NOVA host David Pogue preparing for an fMRI scan.
The Nov. 14 episode of NOVA ScienceNOW, "What Will the Future Look Like?," will feature a report on thought identification research by Tom Mitchell, head of the Machine Learning Department and Marcel Just, professor of psychology.
In Pittsburgh, ScienceNOW airs at 10 p.m. Wednesdays on WQED. A preview of the episode can be seen here.
In August, host David Pogue and a production crew visited CMU's Scientific Imaging and Brain Research (SIBR) center to learn more about thought identification research. Mitchell and Just have applied machine-learning techniques to brain imaging data to identify an individual's thoughts of concrete objects. For the episode, Pogue went through the experiment in the center's fMRI scanner on the third floor of Wean Hall.
In the standard experiment, Pogue was shown ten pairs of objects two times while in the fMRI. With the cameras rolling, the brain analysis computer then correctly identified each object that Pogue had been thinking about.
At Pogue's urging, however, Mitchell and Just agreed to run a variation of the experiment: instead of having one computer show an object to Pogue while another identified his thoughts, they allowed Pogue to decide on his own which of two objects to think about in 10 tries.

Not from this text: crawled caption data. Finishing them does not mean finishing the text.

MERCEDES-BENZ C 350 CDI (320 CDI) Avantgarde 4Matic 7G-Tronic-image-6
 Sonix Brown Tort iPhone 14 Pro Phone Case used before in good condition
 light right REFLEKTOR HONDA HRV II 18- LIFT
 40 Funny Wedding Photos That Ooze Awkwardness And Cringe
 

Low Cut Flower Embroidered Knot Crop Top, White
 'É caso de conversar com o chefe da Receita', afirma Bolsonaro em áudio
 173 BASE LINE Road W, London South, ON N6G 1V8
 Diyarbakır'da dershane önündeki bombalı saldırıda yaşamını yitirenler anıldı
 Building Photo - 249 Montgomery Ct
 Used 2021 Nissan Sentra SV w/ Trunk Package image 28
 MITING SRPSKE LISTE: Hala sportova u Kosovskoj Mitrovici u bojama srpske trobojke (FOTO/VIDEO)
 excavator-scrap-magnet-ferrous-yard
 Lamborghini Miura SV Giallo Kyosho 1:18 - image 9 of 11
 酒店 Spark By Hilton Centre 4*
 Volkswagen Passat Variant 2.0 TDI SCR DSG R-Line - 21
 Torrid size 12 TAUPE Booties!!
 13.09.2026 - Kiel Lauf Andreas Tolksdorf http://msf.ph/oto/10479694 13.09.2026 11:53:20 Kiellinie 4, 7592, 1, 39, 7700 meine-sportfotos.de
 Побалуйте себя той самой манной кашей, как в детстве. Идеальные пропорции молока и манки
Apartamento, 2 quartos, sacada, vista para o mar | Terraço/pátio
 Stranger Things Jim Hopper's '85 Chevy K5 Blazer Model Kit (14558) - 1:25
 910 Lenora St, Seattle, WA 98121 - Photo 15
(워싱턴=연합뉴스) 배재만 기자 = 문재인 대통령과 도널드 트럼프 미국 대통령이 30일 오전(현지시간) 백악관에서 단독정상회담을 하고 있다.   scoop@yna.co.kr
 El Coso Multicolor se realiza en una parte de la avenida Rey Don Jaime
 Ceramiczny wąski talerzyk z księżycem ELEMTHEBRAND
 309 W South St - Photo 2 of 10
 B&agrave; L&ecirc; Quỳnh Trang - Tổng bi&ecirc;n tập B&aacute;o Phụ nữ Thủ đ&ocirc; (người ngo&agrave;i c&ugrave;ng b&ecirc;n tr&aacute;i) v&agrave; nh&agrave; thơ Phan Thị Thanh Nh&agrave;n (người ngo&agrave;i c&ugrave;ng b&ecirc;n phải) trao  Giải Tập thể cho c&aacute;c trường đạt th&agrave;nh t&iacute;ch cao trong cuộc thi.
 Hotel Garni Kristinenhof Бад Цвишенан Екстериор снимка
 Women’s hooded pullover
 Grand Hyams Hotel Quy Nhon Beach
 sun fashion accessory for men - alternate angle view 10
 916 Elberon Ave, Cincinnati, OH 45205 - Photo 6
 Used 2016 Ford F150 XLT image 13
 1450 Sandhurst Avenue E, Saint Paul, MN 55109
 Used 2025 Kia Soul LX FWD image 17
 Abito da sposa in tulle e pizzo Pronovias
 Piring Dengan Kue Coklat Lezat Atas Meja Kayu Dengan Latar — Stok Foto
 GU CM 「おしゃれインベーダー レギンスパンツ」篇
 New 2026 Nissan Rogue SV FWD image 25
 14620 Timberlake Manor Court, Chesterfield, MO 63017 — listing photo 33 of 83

After the experiment, they compared his notes with the computer's analysis.
"We were all nervous about trying this experiment for the first time with the cameras rolling," Mitchell said. "But, we had seen before that our computer model had successfully predicted neural representations for new words, and that these neural representations are remarkably similar across different people."
Happily, the computer correctly identified all ten objects that Pogue thought about.